Simon had intended to from the moment he saw her.

The room was virtually a facsimile of his own, and the blonde looked as out of place in it as a piece of Cartier hardware in a junk yard. But the observation he wanted to make was that Mr Fennick really wasn’t there. The closet was open, and he was able to check under the bed by clumsily dropping the pack of cigarettes he slipped out of his pocket.

“As a matter of fact, you might be able to help me to catch up with him,” said the blonde. “I only arrived late last night myself — it was all on the spur of the moment, and I didn’t even try to call him till this morning. I know what these conventions are like. I spent the night with an old girlfriend who lives here.”

“I was wondering how you got in. That’s why I looked so dazed when I saw you.”

“They gave me a key at the desk, of course, as soon as I proved I was Mrs Fennick. Why shouldn’t they?”

“I called him less than an hour ago,” said the Saint, “and his phone was still shut off.”
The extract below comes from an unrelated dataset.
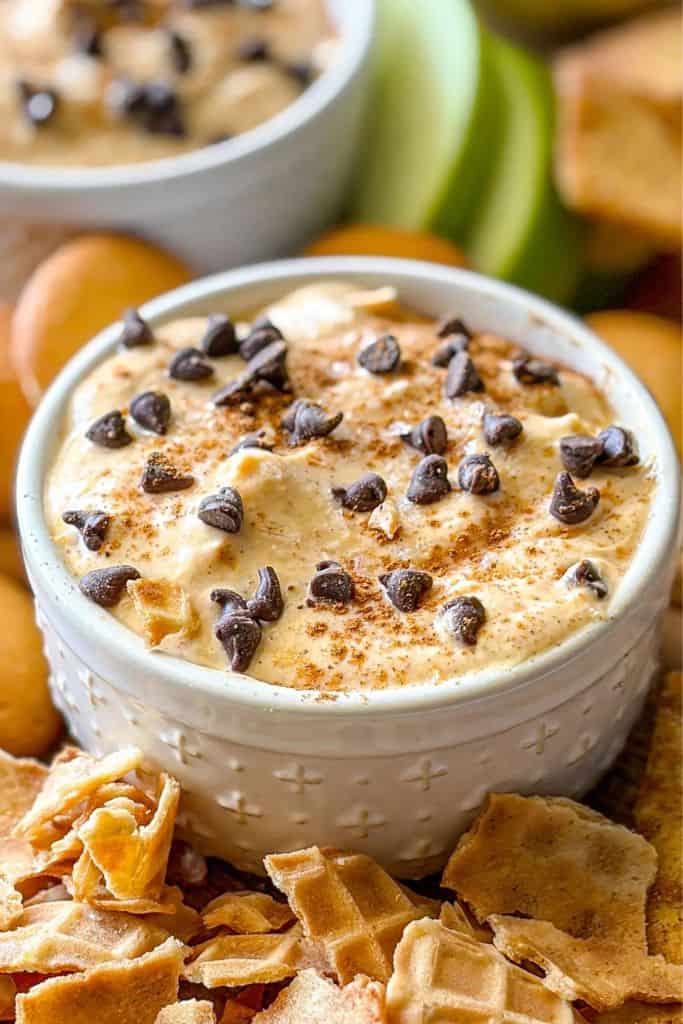 pumpkin cannoli dip in bowl surrounded by dippers.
“It was shut off when I called from downstairs ten minutes ago. So I came on up anyhow. Exercising a marital privilege. I didn’t see why I should have to sit in the lobby till he condescended to regain consciousness. But no Otis.”

“He must have gone out and forgotten to clear the line.”

“Do you solve crossword puzzles, too?” Simon had been opening his cigarette package, which was a fresh one, with unhurried neatness. He offered her the first of its contents, which she accepted.

“I can’t solve any puzzle about where he may have gone,” he said, striking a match. “He didn’t tell me anything about his plans for the day.”